Max Jaderberg, Vlad Mnih, Wojciech Marian Czarnecki

Our primary mission at DeepMind is to push the boundaries of AI, developing programs that can learn to solve any complex problem without needing to be taught how. Our reinforcement learning agents have achieved breakthroughs in Atari 2600 games and the game of Go. Such systems, however, can require a lot of data and a long time to learn so we are always looking for ways to improve our generic learning algorithms.

Our recent paper “Reinforcement Learning with Unsupervised Auxiliary Tasks” introduces a method for greatly improving the learning speed and final performance of agents. We do this by augmenting the standard deep reinforcement learning methods with two main additional tasks for our agents to perform during training.

A visualisation of our agent in a Labyrinth maze foraging task can be seen below.

The first task involves the agent learning how to control the pixels on the screen, which emphasises learning how your actions affect what you will see rather than just prediction. This is similar to how a baby might learn to control their hands by moving them and observing the movements. By learning to change different parts of the screen, our agent learns features of the visual input that are useful for playing the game and getting higher scores.

In the second task the agent is trained to predict the onset of immediate rewards from a short historical context. In order to better deal with the scenario where rewards are rare we present the agent with past rewarding and non-rewarding histories in equal proportion. By learning on rewarding histories much more frequently, the agent can discover visual features predictive of reward much faster.

The combination of these auxiliary tasks, together with our previous A3C paper is our new UNREAL agent (UNsupervised REinforcement and Auxiliary Learning). We tested this agent on a suite of 57 Atari games as well as a 3D environment called Labyrinth with 13 levels. In all the games, the same UNREAL agent is trained in the same way, on the raw image output from the game, to produce actions to maximise the score or reward of the agent in the game. The behaviour required to get game rewards is incredibly varied, from picking up apples in 3D mazes to playing Space Invaders - the same UNREAL algorithm learns to play these games often to human level and beyond.

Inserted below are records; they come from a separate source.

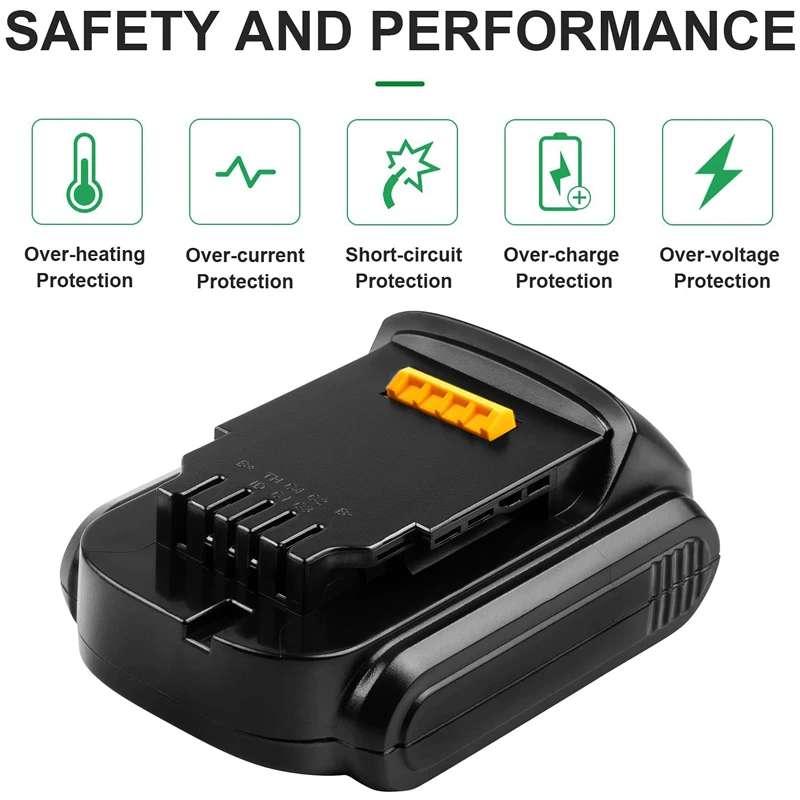 Akumulator litowo-jonowy 14.4V zamiennik dla narzędzi Dewalt DCB140 DCB140-XJ DCF836D2 DCS332M2 DCD734C2 DCF835L2 akumulatory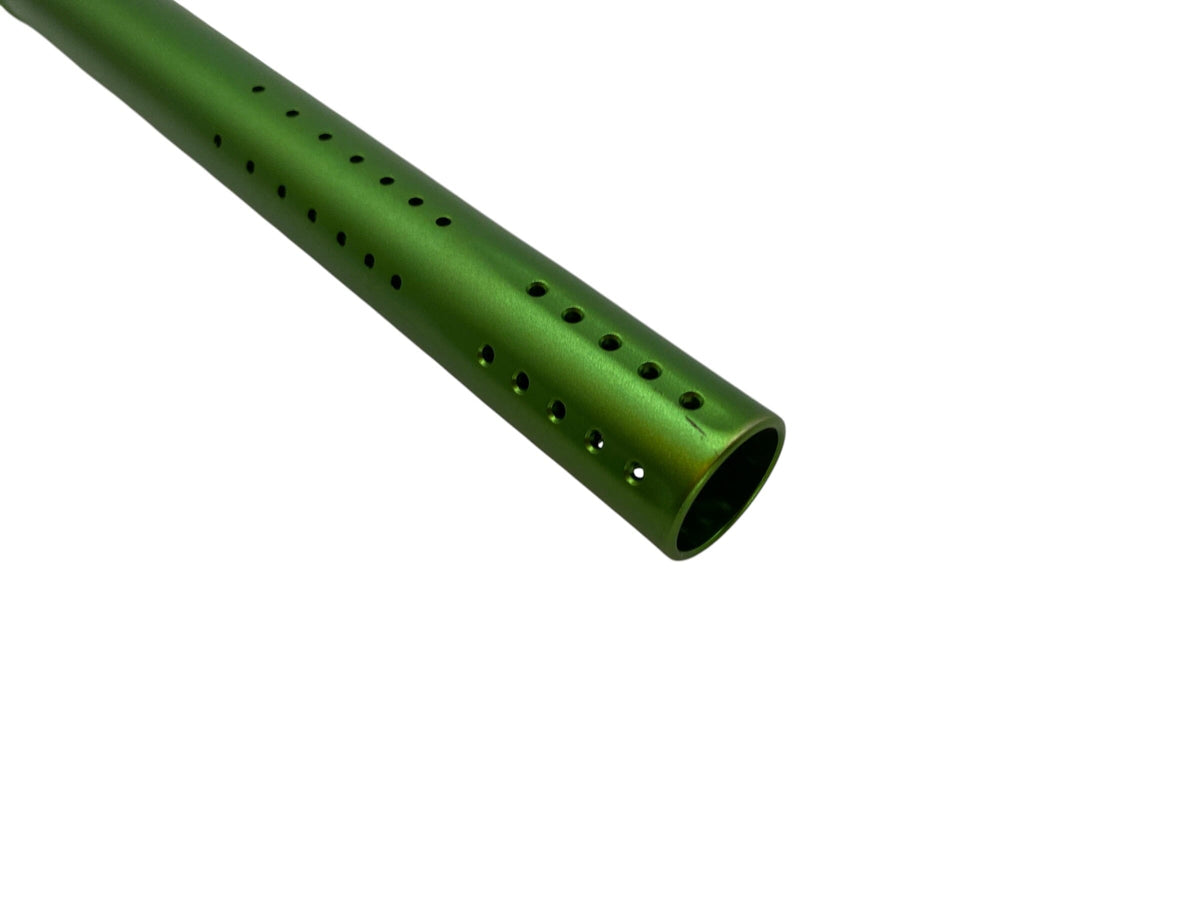 Used Dye Uls Barrel Tip Green Paintball Gun from CPXBrosPaintball Buy/Sell/Trade Paintball Markers, New Paintball Guns, Paintball Hoppers, Paintball Masks, and Hormesis Headbands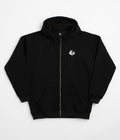 Magenta Yin Full Zip Hoodie - Black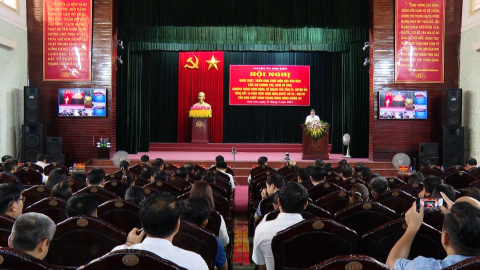 Kim Sơn qu&aacute;n triệt, triển khai c&aacute;c văn bản của TW, của tỉnh v&agrave; huyện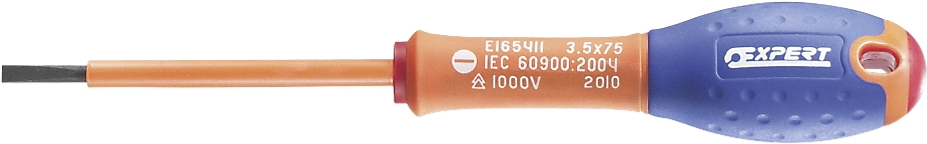 Tournevis isolé 1000 V pour vis à fente Expert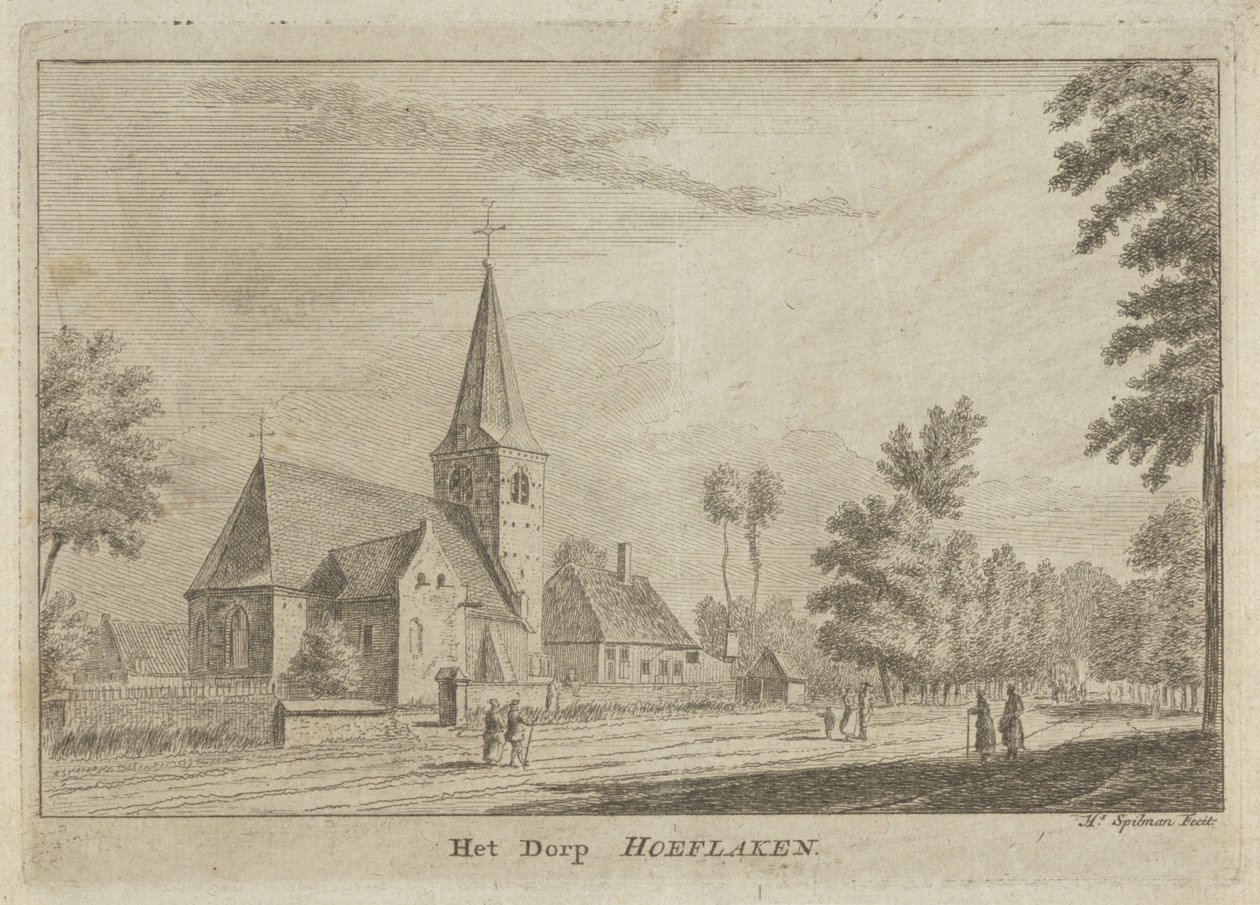 Kilátás Hoevelakenre The Village Hoeflaken (cím az objektumon) alkotó: Hendrik Spilman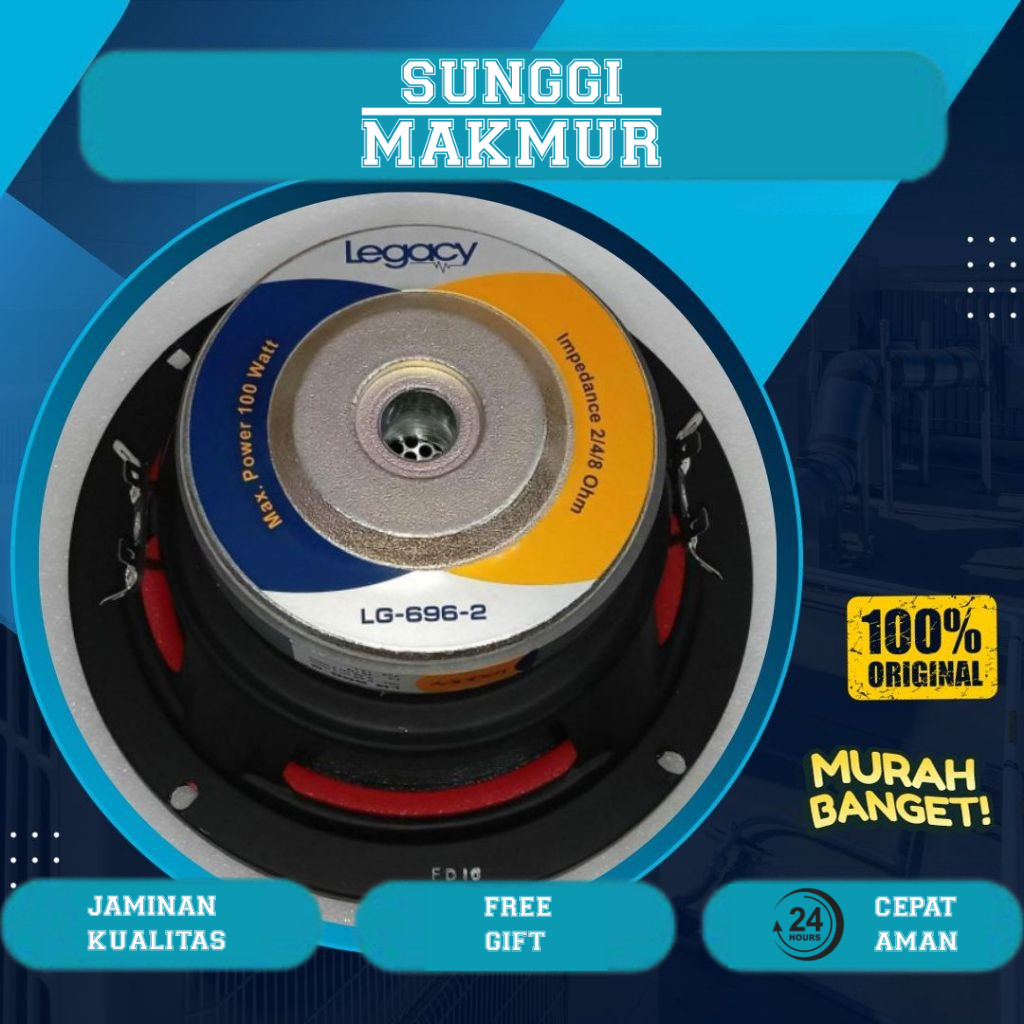 Speaker Legacy 6 Inch Legacy LG 696 2 Subwoofer 6 Inch Legacy 696 Double Coil Audio Subwoofer Mobil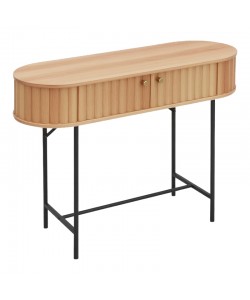 Κονσόλα Zeplen pakoworld MDF-μέταλλο σε oak απόχρωση 100x35x75εκ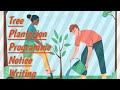 "Tree Plantation Programme in Your School" Notice Writing by Mantu Ma'am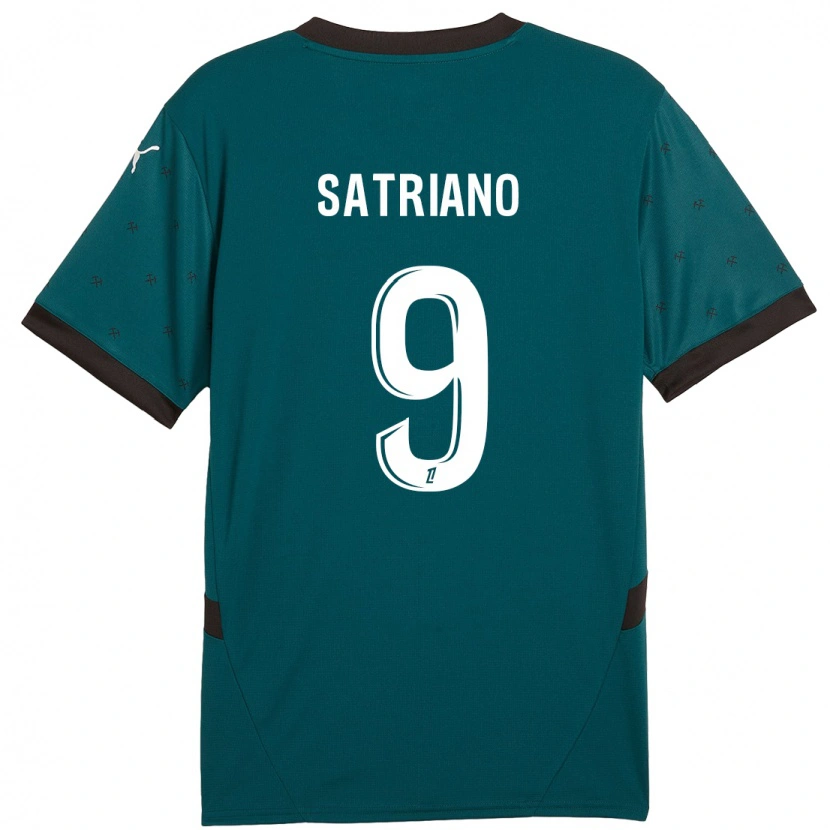 Danxen Herren Martín Satriano #9 Dunkelgrün Auswärtstrikot Trikot 2024/25 T-Shirt Schweiz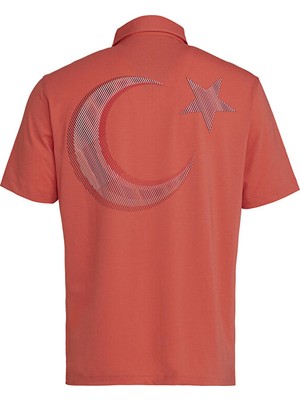 adidas Turkiye Polo M Türkiye Erkek Antrenman Polo Tişörtü JG0918 Kırmızı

In Labyrinth, the result of using the auxiliary tasks - controlling the pixels on the screen and predicting when reward is going to occur - means that UNREAL is able to learn over 10x faster than our previous best A3C agent, and reaches far better performance. We can now achieve 87% of expert human performance averaged across the Labyrinth levels we considered, with super-human performance on a number of them. On Atari the agent now achieves on average 9x human performance. We hope that this work will allow us to scale up our agents to ever more complex environments.